Simple DL Part 3: Features
- Features are the baseline input data to our model.
- Models will cheat if they can. We need to be careful about our data as a result.
- More data is always better, but it can be hard to get and use.
Thinking about Features
A deep neural network takes in some piece of data represented as an embedding (i.e. a list of numbers). It passes the data through a stack of transformations, each of which produces an intermediate embedding. And then the model outputs some final embedding, depending on what the task is.
It's embeddings all the way down.
I think of input features as the 0th layer embedding, the foundational embedding that all other embeddings build on (or remove from). The input will often be a super high dimension compared to the rest of the model embeddings, because it is the most full representation of our data (noise and all). The model's job is to take this super high dimensional embedding, and whittle it down to something useful.
In more practical terms, the features are the input data transformed into a numeric representation. Images are generally represented as RGB matrices. Sentences/words/categorical values are often represented as one-hot or multi-hot vectors. And singleton features (e.g. price, date, location, etc.) are generally represented as raw floats.
We often preprocess that data before feeding it into the model. Generally we transform our data using different kinds of scaling methods, like dividing all of the data by the average of the dataset. This is to make sure all of the inputs are roughly along the same scale -- between -1 and 1, ideally (we'll talk about this a bit more in the tips and tricks section down the line).
A quick mention: if we're working on images, we often want to 'augment' our inputs. We can do that by rotating the images, scaling them all sorts of ways, changing the brightness, contrast, coloring, etc.
An example of image augmentation. Homework question 1: why do we do this?
Part of what makes models hard to reason about is that models will 'cheat' if they can. If a model has an easy way to minimize the loss, it will take it. Let's say we wanted to train a model to identify cats and dogs. If we only feed in images of cats during training, our model will never figure out how to predict dogs.
If we only use images of cats during training, the model will 'cheat'. It will learn to ignore all of the input features -- no matter what you put in, it will predict cat.
So let's just include some dogs in our training set, right? It's not that simple. Even in this straightforward case, we have to make sure the dog/cat ratio is roughly even -- after all, if we have 1 dog for 99 cats, the model will still just predict 'cat' every time. More generally, if we accidentally have correlations in our data that let the model minimize the loss, the model will use it. So we not only have to make sure the ratios are good, we also need to make sure there aren't hidden relationships in size, shape, color, or anything else.

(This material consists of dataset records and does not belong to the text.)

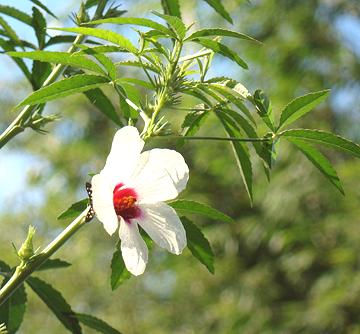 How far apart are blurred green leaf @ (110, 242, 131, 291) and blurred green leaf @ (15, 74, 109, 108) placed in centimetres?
15

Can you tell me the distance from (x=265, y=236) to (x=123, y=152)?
370 cm

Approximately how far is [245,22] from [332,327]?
1.82 m

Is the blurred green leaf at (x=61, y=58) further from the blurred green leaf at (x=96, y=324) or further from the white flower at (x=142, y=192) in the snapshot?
the blurred green leaf at (x=96, y=324)

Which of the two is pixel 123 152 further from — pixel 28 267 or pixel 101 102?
pixel 101 102

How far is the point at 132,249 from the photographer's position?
59 cm

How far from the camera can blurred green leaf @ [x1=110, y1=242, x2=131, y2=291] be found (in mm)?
733

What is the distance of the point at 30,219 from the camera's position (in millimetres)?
5160

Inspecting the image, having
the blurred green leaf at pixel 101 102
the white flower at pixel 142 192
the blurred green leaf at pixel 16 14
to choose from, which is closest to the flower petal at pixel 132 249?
the white flower at pixel 142 192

If we only train on white cats and black dogs, the model isn't going to learn anything about cats and dogs. It's only going to learn about color. If the model sees a black cat, it will predict 'dog'. And if it sees a white dog, it'll predict 'cat'. This is why we augment our input features.
This is why we have to care about the input features. Data matters, whether we're training a pet identifier or a tank detector. As a general rule of thumb, more data is better. The more training data we have, the better the input will match the true data distributions, and the better our model will perform. And, the more varied our input data features are, the more baseline information the model has to work with, and the better the underlying embeddings will be.
So just throw more data at it, right?
In a sense, yes, actually. A lot of the big problems in deep learning are really data acquisition problems. If you have a good source of data that correlates well with the problem you're trying to solve, you're probably 80% of the way to getting good embeddings, which in turn is 90% of solving a deep learning problem.
But it's not that easy. There's always a catch. I work at Google, which arguably has the most data access in the world, and even in my day job we struggle with getting data, cleaning it, labeling it, and ensuring it works for our problem space. Overall, accessing more data is hard. And at a large enough scale, it's super inefficient. We'll talk a bit more in future sections about what else we can do when we can't get more data.
Features are the foundation of every ML model. Your model can only be as good as the input features, because the input features are an upper limit on the quality of the information available. Shit goes in, shit comes out. But ML models really want to succeed, and they can find all sorts of correlations in the data that may not be obvious even to an expert. So more data -- both in quantity and in quality -- is always better. If you only have a fixed budget, and aren't sure how to spend it, improving your data access and cleaning pipelines is a guaranteed way to get some bang for your buck. After all, your data is the foundation for everything else.
- Image augmentation -- and data augmentation in general -- is used to increase the functional size of the dataset and make the model invariant to common changes in the data. This makes the training dataset more reflective of real world data, and helps avoid issues with tank detection. Note that there is no such thing as a free lunch: if you augment your data, your model capacity needs to increase as well.